Your answer must match, word for word, the lines from the one holding "Salvatore Ferragamo Calfskin" through the final line below, with pictures excluded.

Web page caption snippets
• • • • •
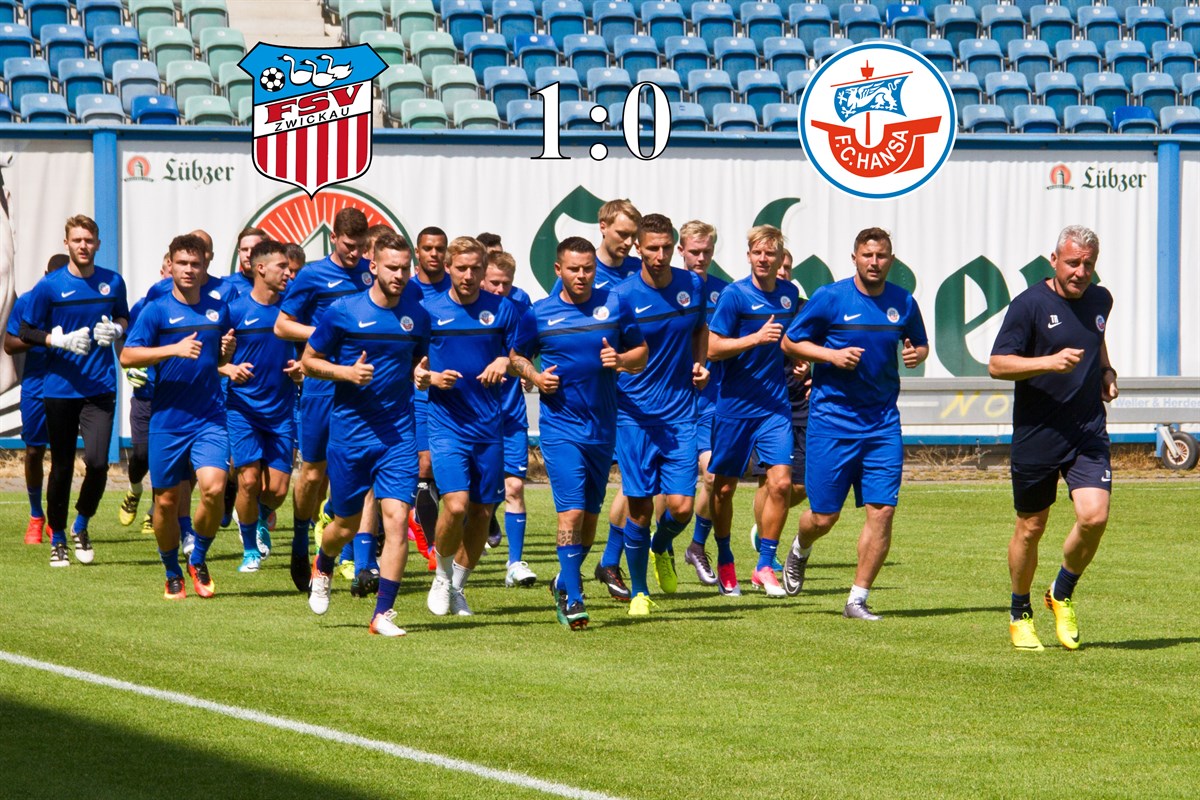 Hansa Rostock verliert in Zwickau mit 0:1 | Rostock-Heute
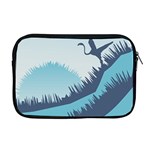 Swan Flying Bird Wings Waves Grass Apple MacBook Pro 17  Zipper Case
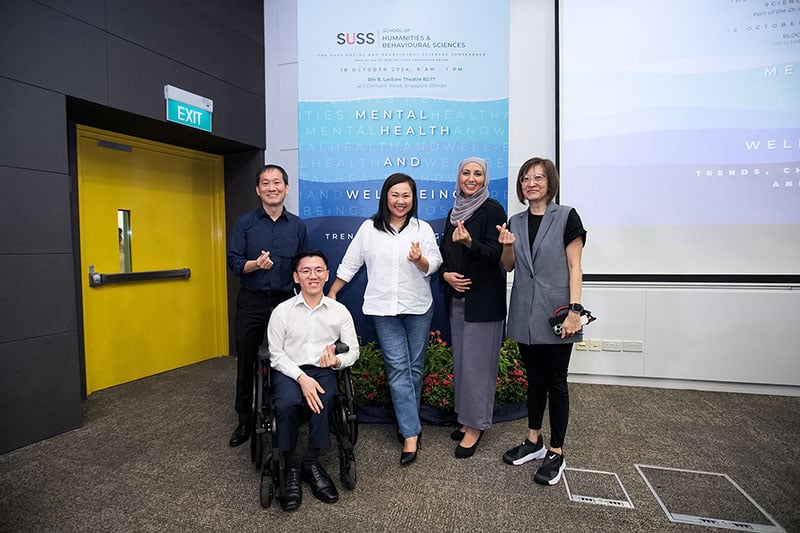(Left) A/Prof Ludwig Tan, Mr Ong Han Han, Ms Shahrany Hassan, Dr Hana Alhadad (Right)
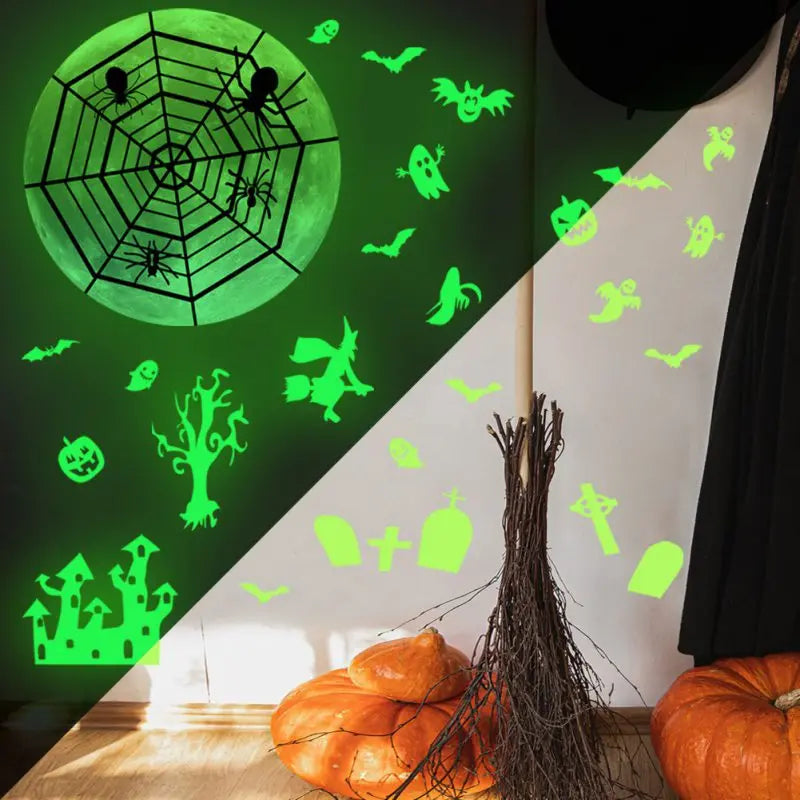 Halloween Glow-in-the-Dark Sticker
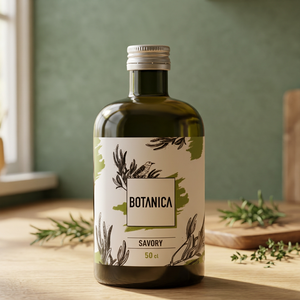 BOTANICA-SANTOREGGIA Extrait Liquide Non Alcoolisé de Feuilles de Thym Méditerranéen Saveurs Vermouth Rouge Distillés - Product Image 2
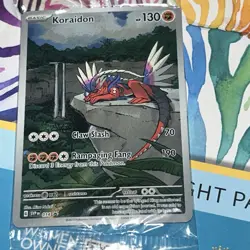 Pokemon TCG S&V Base - Koraidon Black Star Promo 014 Sealed - Image 2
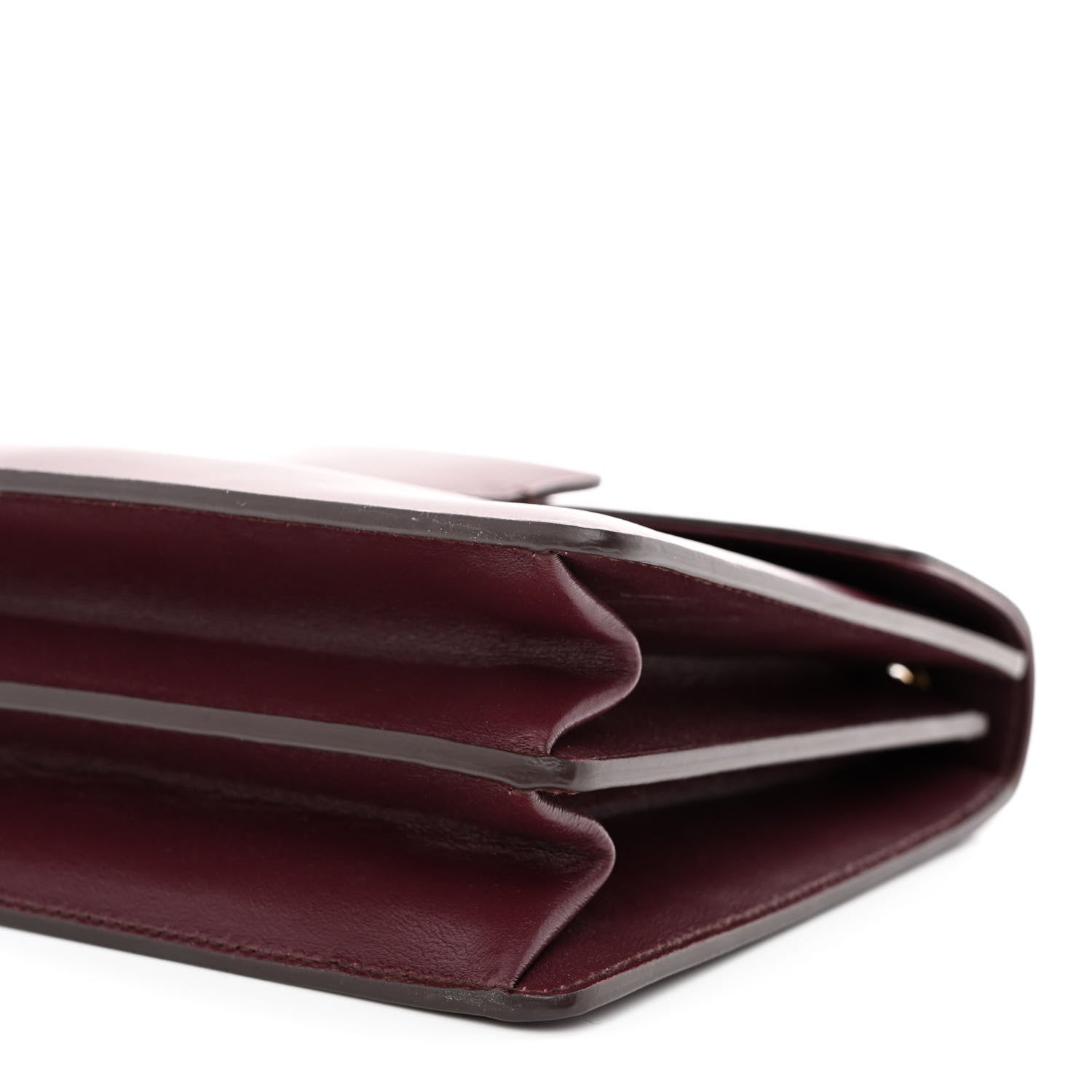 Salvatore Ferragamo Calfskin Thalia Flap Shoulder Bag Wine 10 of 12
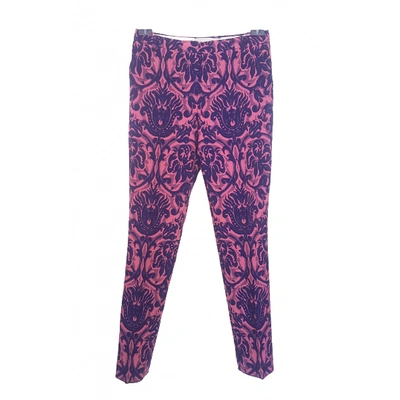 Pre-owned Paul Smith Wool Trousers In Multicolour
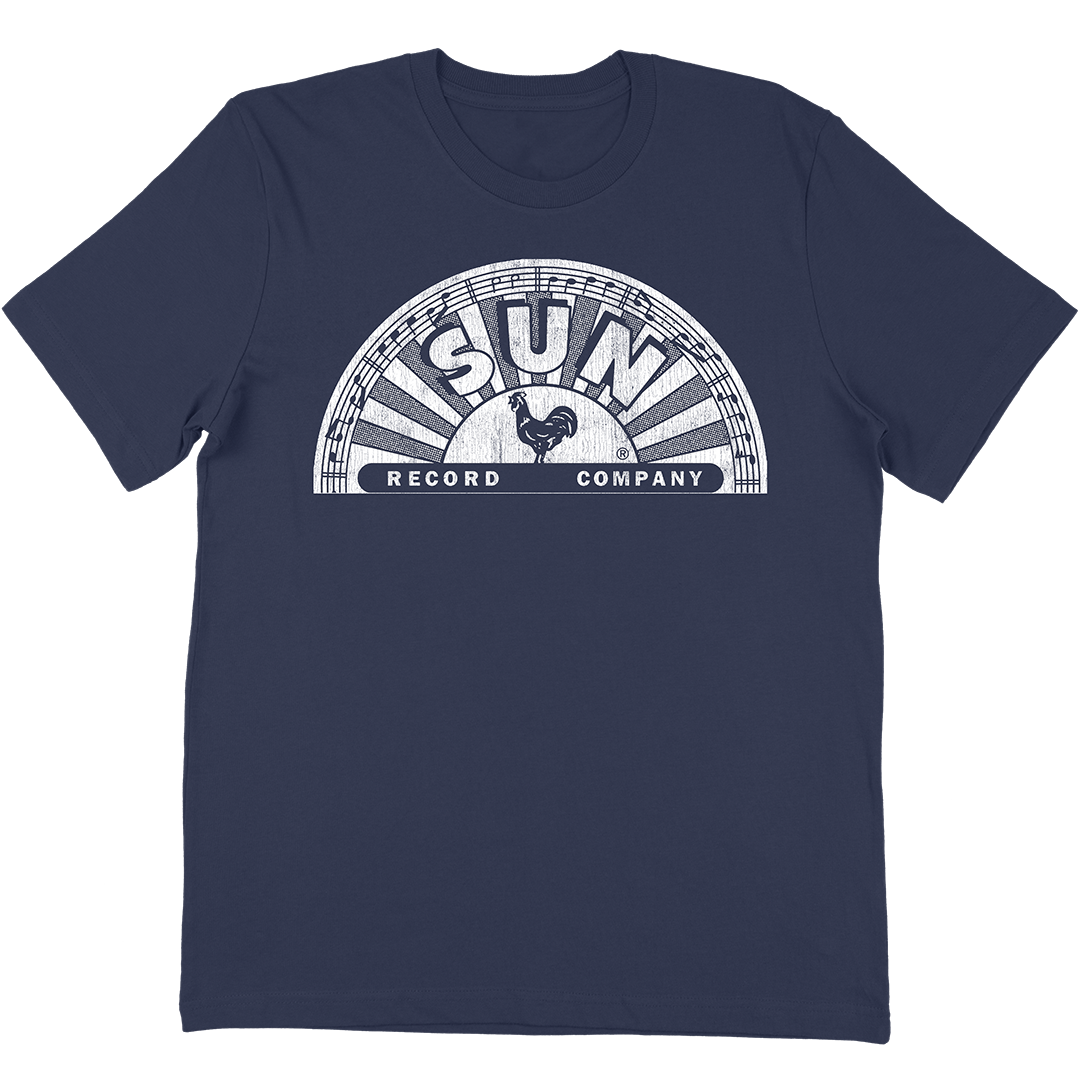 Sun Records "Half Circle Logo" T-Shirt In Navy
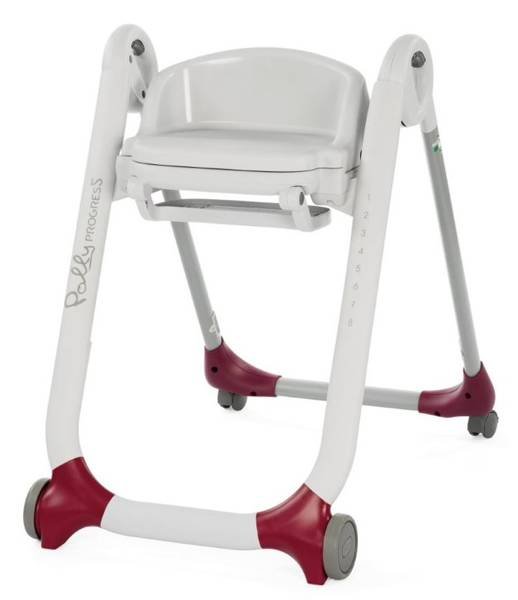 Chicco Polly Progres 5 5in1 Cherry Krēsls-transformeris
• • • • •
> EXERCISE RESPONSE:
 Salvatore Ferragamo Calfskin Thalia Flap Shoulder Bag Wine 10 of 12
 Pre-owned Paul Smith Wool Trousers In Multicolour
 Sun Records "Half Circle Logo" T-Shirt In Navy
 Chicco Polly Progres 5 5in1 Cherry Krēsls-transformeris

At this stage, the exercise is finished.